1. Why ethyne is called acetylene and what is its use?

The name was invented by French pharmacist Marcelin-Pierre-Eugène Berthelot (1823 - 1907) in 1864, from the French acétylène. This was derived from the chemical ending ene acetyl, which the German chemist Justus von Liebig coined acetic acid in 1839. Since ethyne burns with a scorching flame, one of its most notable uses is in oxyacetylene gas welding and oxyacetylene gas cutting. When ethyne is subjected to combustion with oxygen, the flame is known to have a temperature of roughly 3600 Kelvin.

2. What are the applications and hazards of ethylene?

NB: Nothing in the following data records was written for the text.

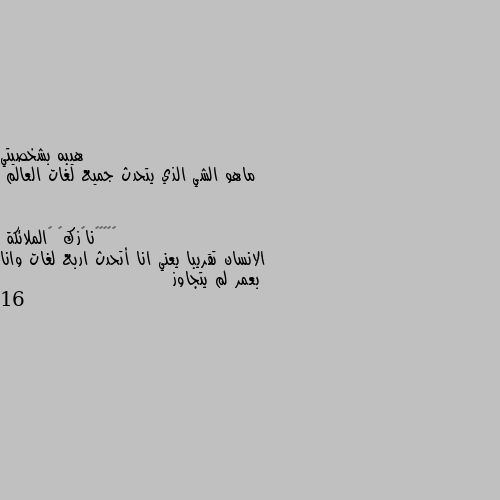 ماهو الشي الذي يتحدث جميع لغات العالم الانسان تقريبا يعني انا أتحدث اربع لغات وانا بعمر لم يتجاوز 16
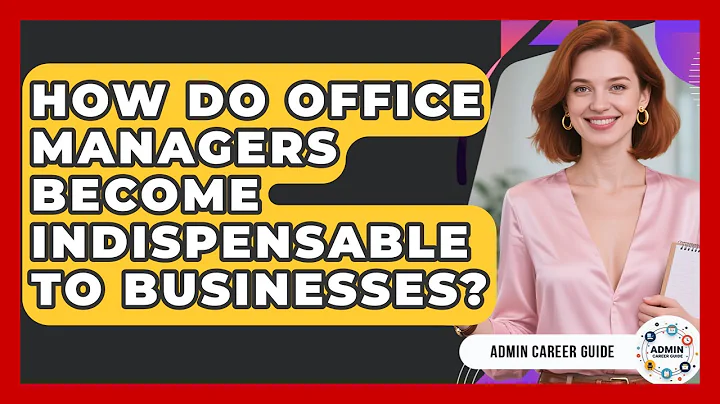 How Do Office Managers Become Indispensable To Businesses? - Admin Career Guide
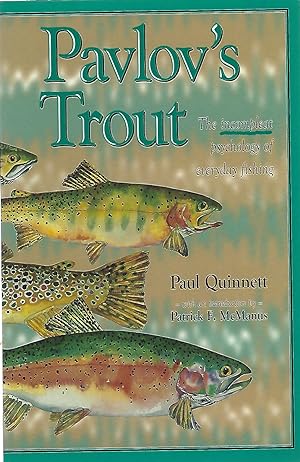 Seller image for PAVLOV'S TROUT; THE INCOMPLEAT PSYCHOLOGY OF EVERYDAY FISHING for sale by Columbia Books, ABAA/ILAB, MWABA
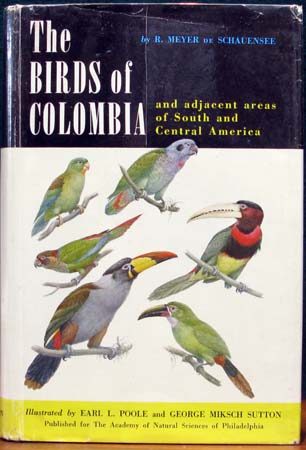 Birds of Colombia - Meyer & Schauensee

Ethylene could be a compound that's utilised in the production of alcohol. It's used as a curing agent within the tobacco industry. It is used as a refrigerant and as an anaesthetic. Some of the health hazards of ethylene are drowsiness, unconsciousness, and lightheadedness, these are all attainable side effects of average concentration in air. Overexposure will cause headaches, muscle weakness, and fatigue if not treated promptly. Additionally, the vapours created by this chemical have the potential to cause asphyxiation. Commercially, this product is employed to accelerate the ripening of fruits.

3. How to distinguish between ethyne and olefin?

The distinction between ethyne and ethene is that ethyne incorporates a triple bond between 2 carbon atoms whereas ethylene incorporates a double bond between 2 carbon atoms. Ethyne is the compound having the chemical formula ${{C}_{2}}{{H}_{2}}$ whereas ethene (olefine) has the formula ${{C}_{2}}{{H}_{4}}$. The carbon atoms of acetylene molecules are sp hybridised whereas the carbon atoms of ethene molecules are sp2 hybridised. One more distinction is that the ethyne molecule has 2 H  atoms in one molecule whereas ethene has four H atoms in one molecule.